-->

Habib Salim bin Jindan Seorang Ulama Pejuang Kemerdekaan


Habib Salim bin Ahmad bin Husain bin Sholeh bin Abdullah bin Umar bin ‘Abdullah bin Jindan bin Syaikhan bin Syaikh bubuk Bakar bin Salim adalah ulama dan wali besar ini dilahirkan di Surabaya pada 18 Rajab 1324 (7 September 1906) dan wafat di Jakarta pada 16 Rabiulawal 1389 (1 Juni 1969). Awal ia menuntut Ilmu Agama di Madrasah al-Khairiyyah, Surabaya sebelum melanjutkan pelajarannya ke Makkah, Tarim dan Timur Tengah dan belajar dengan banyak ulama. 
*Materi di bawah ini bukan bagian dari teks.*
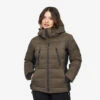 Igloo Jacket Women Mud -KIN Clothing Style Shop 0a6de66b 0deb 4864 a9a0 fe7287bb6a5c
Ulama Jakarta ini seorang ahli hadis yang menghafal 70,000 hadis (i.e. ada yang menyampaikan ratusan ribu hadis), Ia juga pejuang kemerdekaan. ia juga seorang andal sejarah yang hebat, sehingga diceritakan pernah dia menulis surat dengan Ratu Belanda berisikan silsilah raja-raja Belanda dengan sempurna. Hal ini amat mengkagumkan Ratu Belanda, lantas surat beliau diberi jawaban dan diberi pujian dan penghargaan, alasannya yaitu tak disangka oleh Ratu Belanda, seorang ulama Indonesia yang mengetahui silsilahnya dengan tepat. Tetapi tanda penghargaan Ratu Belanda tersebut telah dibuang oleh Habib Salim karena ia tidak memerlukan penghargaan.
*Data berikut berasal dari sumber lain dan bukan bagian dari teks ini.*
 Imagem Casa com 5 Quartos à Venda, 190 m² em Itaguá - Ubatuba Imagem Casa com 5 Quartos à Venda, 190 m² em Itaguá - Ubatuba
Seperti lazimnya para ulama, semenjak kecil ia juga menerima pendidikan agama dari ayahandanya. Menginjak usia sampaumur ia memperdalam agama kepada Habib Abdullah bin Muhsin Alatas (Habib Empang, Bogor), Habib Muhammad bin Ahmad Al-Muhdhar (Bondowoso), Habib Muhammad bin Idrus Alhabsyi (Surabaya), Habib Abubakar bin Muhammad Assegaf (Gresik), K.H. Cholil bin Abdul Muthalib (Kiai Cholil Bangkalan), dan Habib Alwi bin Abdullah Syahab di Tarim, Hadramaut.
Ketika Menunaikan Ibadah Haji
Selain itu ia juga berguru kepada Habib Abdul Qadir bin Ahmad Bilfagih, seorang ahli hadits dan fuqaha, yang sat itu juga memimpin Madrasah Al-Khairiyah di Surabaya. Bukan hanya itu, ia juga rajin menghadiri beberapa majelis taklim yang digelar oleh para ulama besar. bila dihitung, sudah ratusan ulama besar yang ia kunjungi.

Habib Abdul Qadir bin Ahmad Bilfagih

Dari perjalanan ta'limnya itu, karenanya Habib Salim sanggup menguasai berbagai ilmu agama, terutama hadits, tarikh dan nasab. Ia juga hafal sejumlah kitab hadits. Berkat penguasaannya terhadap ilmu hadits ia mendapat gelar sebagai muhaddist, dan lantaran menguasai ilmu sanad maka ia digelari sebagai musnid.
 

Mengenai guru-gurunya itu, Habib Salim pernah berkata, “Aku telah berkumpul dan hadir di majelis mereka. Dan sesungguhnya majelis mereka menyerupai majelis para sahabat Rasulullah SAW dimana terdapat kekhusyukan, ketenangan dan kharisma mereka.”

Adapun guru yang paling berkesan di hatinya ialah Habib Alwi bin Muhammad Alhaddad dan Habib bubukbakar bin Muhammad Assegaf.
Tentang Habib Alwi Alhaddad dan Habib bubukbakar Assegaf, Habib Salim pernah berkata, ”Cukuplah bagi kami mereka itu sebagai panutan dan suri tauladan.”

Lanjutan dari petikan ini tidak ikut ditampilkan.